Exercise objective: While you copy the lines below, skip the pictures and keep the rest exact.

Exercise materials:
_ _ _ _
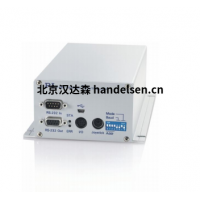 C-884.4DC ? C-884.6DC 用于直流電機的運動控制器，4或6軸 德國 PI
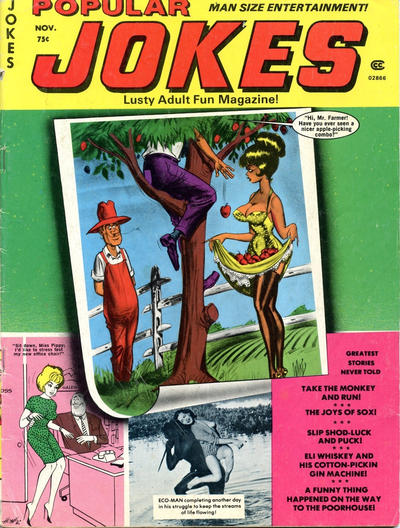 Issue Image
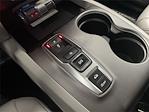 Used 2022 Honda Ridgeline RTL-E Crew Cab for sale #F260018A - photo 29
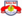 Rb leipzig logo.png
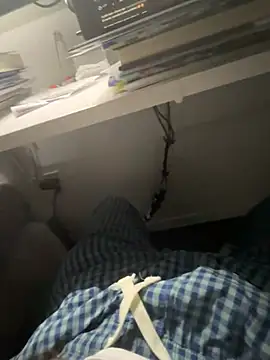 awesomemilkss Webcamshow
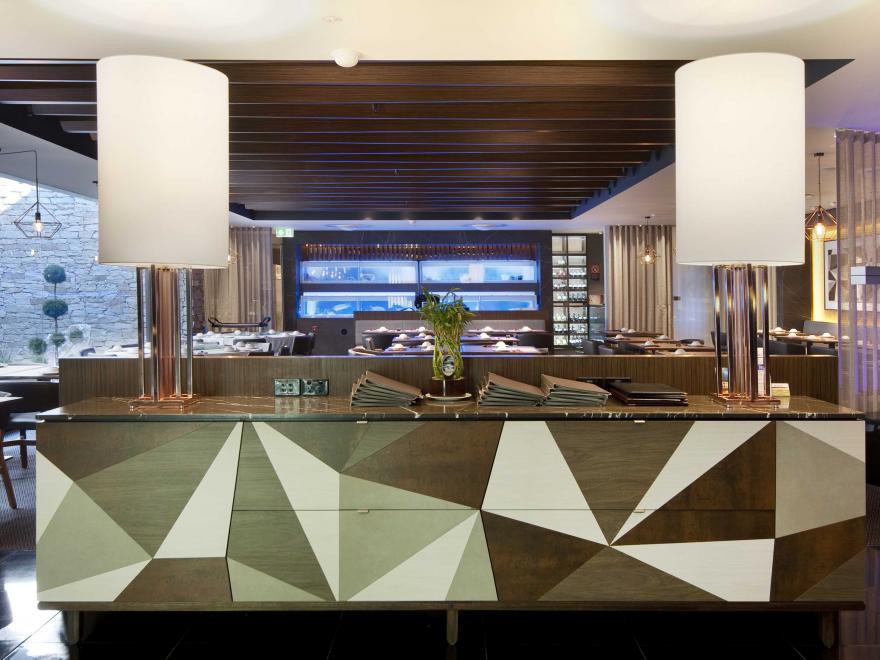 MERLOT CONSTRUCTIONS (AUST) PTY LTD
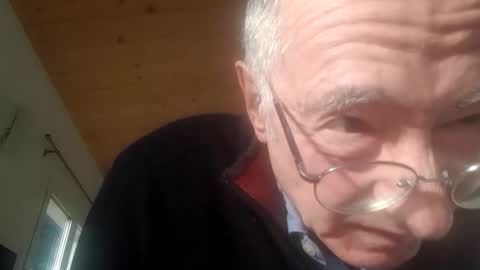 mario online show from 6, 12, 2024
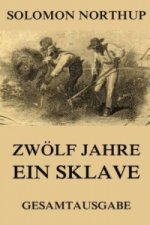 Zwoelf Jahre ein Sklave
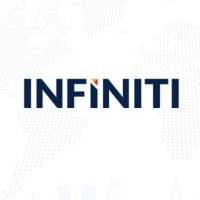 Infiniti Airline Products
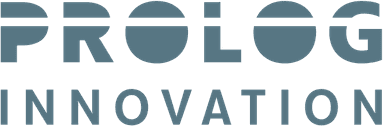 PROLOG Innovation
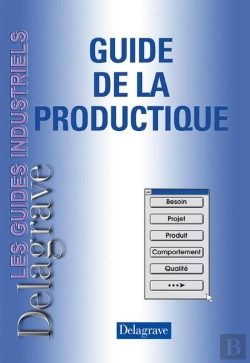 Bertrand.pt - Guide De La Productique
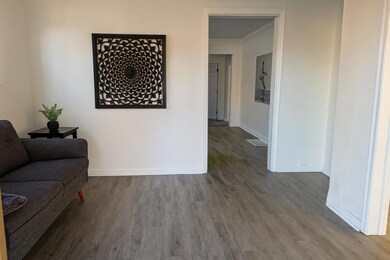 2000 E 5th St, Chattanooga, TN 37404 - photo 4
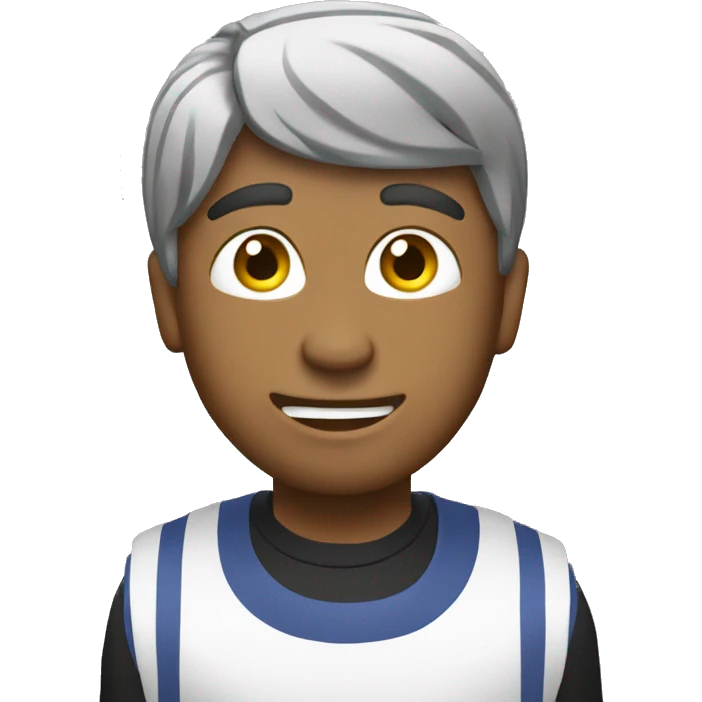 y2k emoji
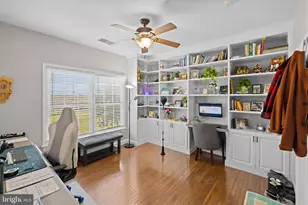 38547 Piggott Bottom Rd, Hamilton, VA 20158 - Photo 27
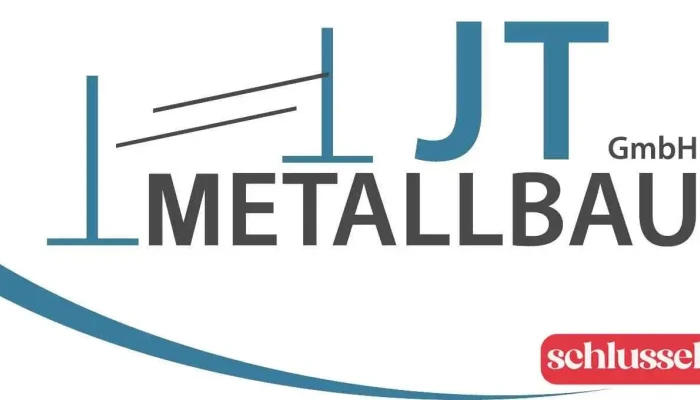 Jt Metallbau Gmbh Vom Inhaber - Lahr/schwarzwald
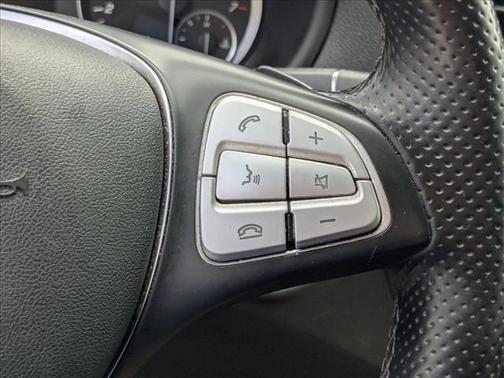 2022 Mercedes-Benz Metris Base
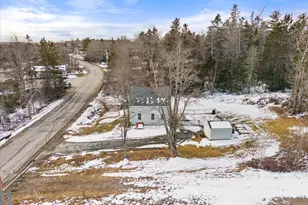 408 Christian Ridge Rd, Ellsworth, ME 04605 - Photo 40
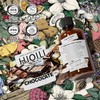 HIQILI Chocolate Fragrance Oil for DIY Candle, Soap & Bath
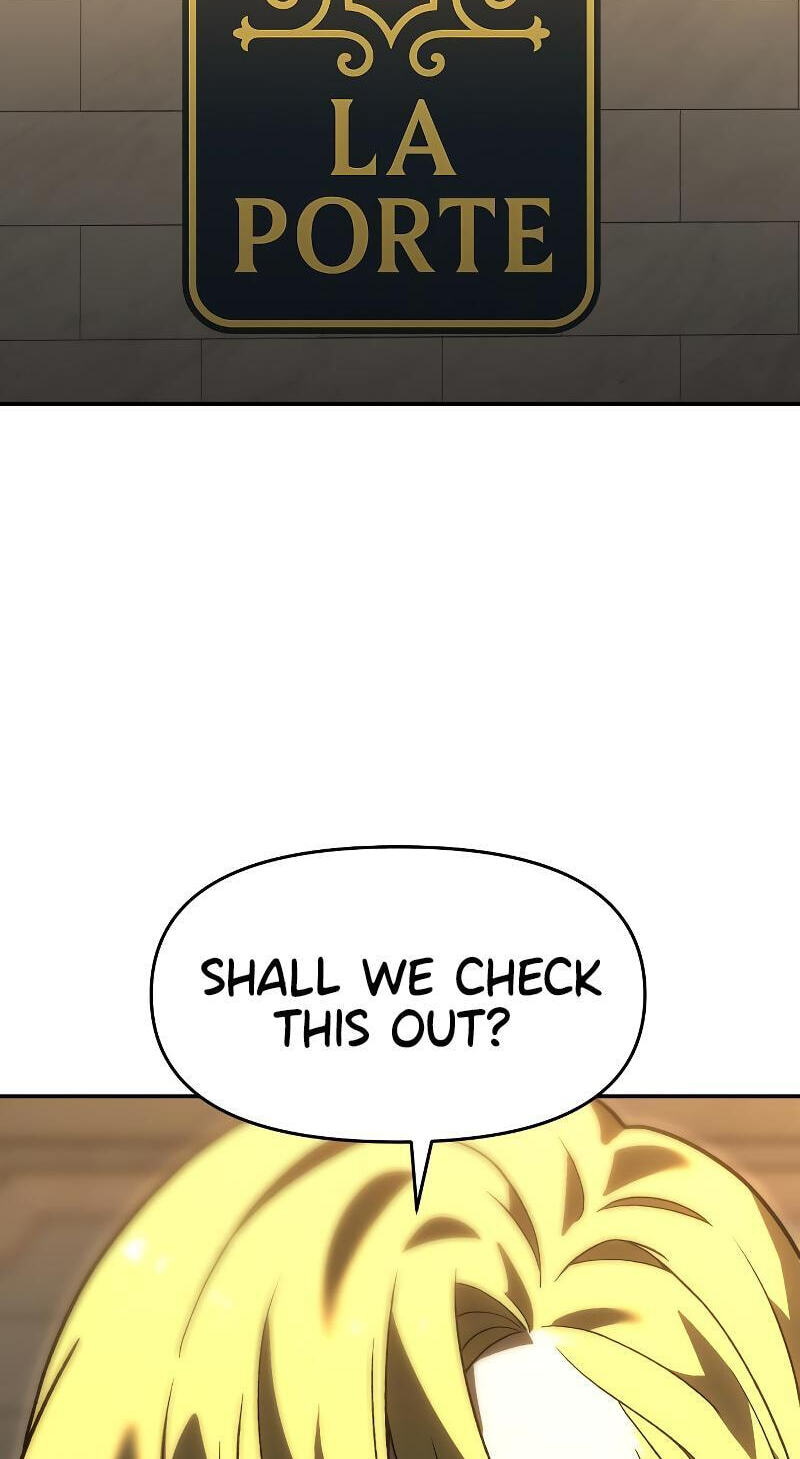 I Used to Be a Boss Chapter 137.1 page 32 -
_ _ _ _
Result for this exercise:
 C-884.4DC ? C-884.6DC 用于直流電機的運動控制器，4或6軸 德國 PI
 Issue Image
 Used 2022 Honda Ridgeline RTL-E Crew Cab for sale #F260018A - photo 29
 Rb leipzig logo.png
 awesomemilkss Webcamshow
 MERLOT CONSTRUCTIONS (AUST) PTY LTD
 mario online show from 6, 12, 2024
 Zwoelf Jahre ein Sklave
 Infiniti Airline Products
 PROLOG Innovation
 Bertrand.pt - Guide De La Productique
 2000 E 5th St, Chattanooga, TN 37404 - photo 4
 y2k emoji
 38547 Piggott Bottom Rd, Hamilton, VA 20158 - Photo 27
 Jt Metallbau Gmbh Vom Inhaber - Lahr/schwarzwald
 2022 Mercedes-Benz Metris Base
 408 Christian Ridge Rd, Ellsworth, ME 04605 - Photo 40
 HIQILI Chocolate Fragrance Oil for DIY Candle, Soap & Bath
 I Used to Be a Boss Chapter 137.1 page 32 -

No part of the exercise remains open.